EXERCISE PROMPT: A line qualifies if it holds the string "with". Copy every qualifying line from the records.

Stored data entries
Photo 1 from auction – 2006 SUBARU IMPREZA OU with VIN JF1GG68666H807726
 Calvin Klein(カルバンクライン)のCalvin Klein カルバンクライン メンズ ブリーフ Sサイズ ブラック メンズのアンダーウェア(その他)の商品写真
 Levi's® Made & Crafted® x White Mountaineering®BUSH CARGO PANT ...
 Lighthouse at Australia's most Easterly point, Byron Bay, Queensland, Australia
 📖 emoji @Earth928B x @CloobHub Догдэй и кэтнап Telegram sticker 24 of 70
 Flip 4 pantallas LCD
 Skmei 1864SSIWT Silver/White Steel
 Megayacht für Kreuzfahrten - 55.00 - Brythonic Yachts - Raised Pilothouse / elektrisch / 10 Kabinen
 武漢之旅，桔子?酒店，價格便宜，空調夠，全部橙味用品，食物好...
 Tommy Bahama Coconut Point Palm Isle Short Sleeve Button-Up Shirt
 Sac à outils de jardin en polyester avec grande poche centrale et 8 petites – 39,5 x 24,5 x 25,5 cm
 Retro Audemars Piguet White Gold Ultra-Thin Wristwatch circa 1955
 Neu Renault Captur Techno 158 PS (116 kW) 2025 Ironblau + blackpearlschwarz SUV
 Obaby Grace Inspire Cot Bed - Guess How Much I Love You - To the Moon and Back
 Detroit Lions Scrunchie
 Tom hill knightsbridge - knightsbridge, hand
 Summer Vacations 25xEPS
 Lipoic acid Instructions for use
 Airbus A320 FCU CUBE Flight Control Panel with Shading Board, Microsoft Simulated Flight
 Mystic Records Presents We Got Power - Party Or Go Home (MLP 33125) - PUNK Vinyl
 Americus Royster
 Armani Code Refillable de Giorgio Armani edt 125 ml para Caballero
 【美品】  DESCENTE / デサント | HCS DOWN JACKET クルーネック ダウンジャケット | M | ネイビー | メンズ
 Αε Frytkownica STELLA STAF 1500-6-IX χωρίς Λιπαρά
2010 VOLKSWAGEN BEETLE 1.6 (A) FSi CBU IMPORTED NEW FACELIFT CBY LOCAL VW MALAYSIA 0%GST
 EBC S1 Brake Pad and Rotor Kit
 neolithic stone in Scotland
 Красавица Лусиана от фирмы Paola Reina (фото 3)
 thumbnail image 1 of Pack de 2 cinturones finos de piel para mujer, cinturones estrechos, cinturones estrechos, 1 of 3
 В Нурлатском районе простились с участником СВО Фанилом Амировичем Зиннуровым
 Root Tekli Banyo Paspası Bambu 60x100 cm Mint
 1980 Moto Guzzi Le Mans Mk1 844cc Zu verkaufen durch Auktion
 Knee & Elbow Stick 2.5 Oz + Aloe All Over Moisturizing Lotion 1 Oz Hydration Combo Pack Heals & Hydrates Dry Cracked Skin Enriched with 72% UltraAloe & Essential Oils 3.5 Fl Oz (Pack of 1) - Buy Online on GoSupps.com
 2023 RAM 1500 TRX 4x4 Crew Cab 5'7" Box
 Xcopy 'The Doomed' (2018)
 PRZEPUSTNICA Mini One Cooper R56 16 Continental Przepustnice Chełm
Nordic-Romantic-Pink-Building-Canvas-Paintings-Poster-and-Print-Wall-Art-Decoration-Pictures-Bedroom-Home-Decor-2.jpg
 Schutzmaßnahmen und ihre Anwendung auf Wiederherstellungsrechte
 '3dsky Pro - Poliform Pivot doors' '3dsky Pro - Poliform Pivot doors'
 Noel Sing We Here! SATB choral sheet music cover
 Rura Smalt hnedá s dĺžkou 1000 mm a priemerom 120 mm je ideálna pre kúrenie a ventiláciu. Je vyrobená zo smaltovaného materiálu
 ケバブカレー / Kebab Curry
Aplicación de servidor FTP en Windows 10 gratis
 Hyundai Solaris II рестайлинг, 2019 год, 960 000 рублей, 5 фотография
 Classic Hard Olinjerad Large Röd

EXPECTED OUTPUT:
Photo 1 from auction – 2006 SUBARU IMPREZA OU with VIN JF1GG68666H807726
 Airbus A320 FCU CUBE Flight Control Panel with Shading Board, Microsoft Simulated Flight
 Knee & Elbow Stick 2.5 Oz + Aloe All Over Moisturizing Lotion 1 Oz Hydration Combo Pack Heals & Hydrates Dry Cracked Skin Enriched with 72% UltraAloe & Essential Oils 3.5 Fl Oz (Pack of 1) - Buy Online on GoSupps.com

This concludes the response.